The judgement declared that virginity tests are “discriminatory against the female victim as they are carried out on the basis of their gender [and] therefore offend Article 25 of the Constitution”.

She also directed the Punjab government to devise “appropriate medico-legal protocol and guidelines and standard operating procedures” which would include “regular training and awareness programmes so that all stakeholders understand that virginity tests have no clinical or forensic value”.

The verdict was lauded by Human Rights Minister Shireen Mazari on Twitter, where she said: “earlier the anti-rape ordinance already banned this test and it is applicable across the country.”

Last month, President Arif Alvi had approved the Anti-Rape (Investigation and Trial) Ordinance, 2020, to expedite the case process of sexual assault victims.

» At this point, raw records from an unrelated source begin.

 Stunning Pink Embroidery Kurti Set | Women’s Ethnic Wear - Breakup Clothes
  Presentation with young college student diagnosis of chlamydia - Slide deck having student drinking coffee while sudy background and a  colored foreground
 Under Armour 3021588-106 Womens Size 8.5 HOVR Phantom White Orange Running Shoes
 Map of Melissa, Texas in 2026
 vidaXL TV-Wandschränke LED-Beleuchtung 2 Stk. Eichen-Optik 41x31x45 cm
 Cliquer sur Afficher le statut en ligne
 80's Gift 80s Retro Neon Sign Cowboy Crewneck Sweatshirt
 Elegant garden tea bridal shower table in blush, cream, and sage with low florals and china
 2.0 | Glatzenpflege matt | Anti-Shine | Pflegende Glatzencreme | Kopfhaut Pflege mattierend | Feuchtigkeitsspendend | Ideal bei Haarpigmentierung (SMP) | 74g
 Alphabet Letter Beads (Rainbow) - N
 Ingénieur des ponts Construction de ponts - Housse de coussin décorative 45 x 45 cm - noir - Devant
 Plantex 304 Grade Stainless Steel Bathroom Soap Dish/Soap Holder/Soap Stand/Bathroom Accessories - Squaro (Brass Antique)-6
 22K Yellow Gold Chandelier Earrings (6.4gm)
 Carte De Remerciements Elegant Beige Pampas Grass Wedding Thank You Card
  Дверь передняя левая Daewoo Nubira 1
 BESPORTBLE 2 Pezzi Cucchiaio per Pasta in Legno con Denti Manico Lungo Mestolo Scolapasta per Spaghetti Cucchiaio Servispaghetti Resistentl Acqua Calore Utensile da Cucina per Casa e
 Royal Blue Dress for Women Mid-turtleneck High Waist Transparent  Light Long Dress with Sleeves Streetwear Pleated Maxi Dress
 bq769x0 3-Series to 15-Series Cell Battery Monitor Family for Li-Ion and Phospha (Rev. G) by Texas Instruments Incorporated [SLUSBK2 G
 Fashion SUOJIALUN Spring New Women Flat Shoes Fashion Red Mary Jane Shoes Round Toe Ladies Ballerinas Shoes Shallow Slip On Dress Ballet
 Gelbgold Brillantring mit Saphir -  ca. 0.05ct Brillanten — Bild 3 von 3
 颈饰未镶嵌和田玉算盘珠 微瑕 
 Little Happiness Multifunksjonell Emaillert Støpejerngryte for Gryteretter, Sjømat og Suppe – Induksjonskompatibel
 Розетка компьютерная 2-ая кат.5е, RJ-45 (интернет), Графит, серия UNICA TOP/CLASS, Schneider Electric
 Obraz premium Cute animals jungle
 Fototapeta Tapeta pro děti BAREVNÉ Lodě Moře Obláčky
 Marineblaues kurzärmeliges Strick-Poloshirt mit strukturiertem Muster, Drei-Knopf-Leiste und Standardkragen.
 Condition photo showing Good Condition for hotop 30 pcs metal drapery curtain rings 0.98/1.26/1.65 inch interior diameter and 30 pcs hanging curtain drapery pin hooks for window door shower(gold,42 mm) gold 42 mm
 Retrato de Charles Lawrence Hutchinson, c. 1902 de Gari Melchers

Under this ordinance, special courts are to be set up across the country to expedite trials and cases of rape at the earliest. The courts are to deal with rape cases within four months.

Moreover, they stated that any examination of a victim should be undertaken only on the judicial order as per Women Protection Act 2006 and with the written consent of the victim, if adult, and from the guardian, in the case of a minor victim.

Furthermore, the examination was to be conducted by woman medical officer (WMO) or board as per Section 299 of the Pakistan Penal Code.

The ordinance further stated that the prime minister must look over the establishment of anti-rape crisis cells, as well as authorising the cells to conduct medico-legal examinations within six hours of the incident.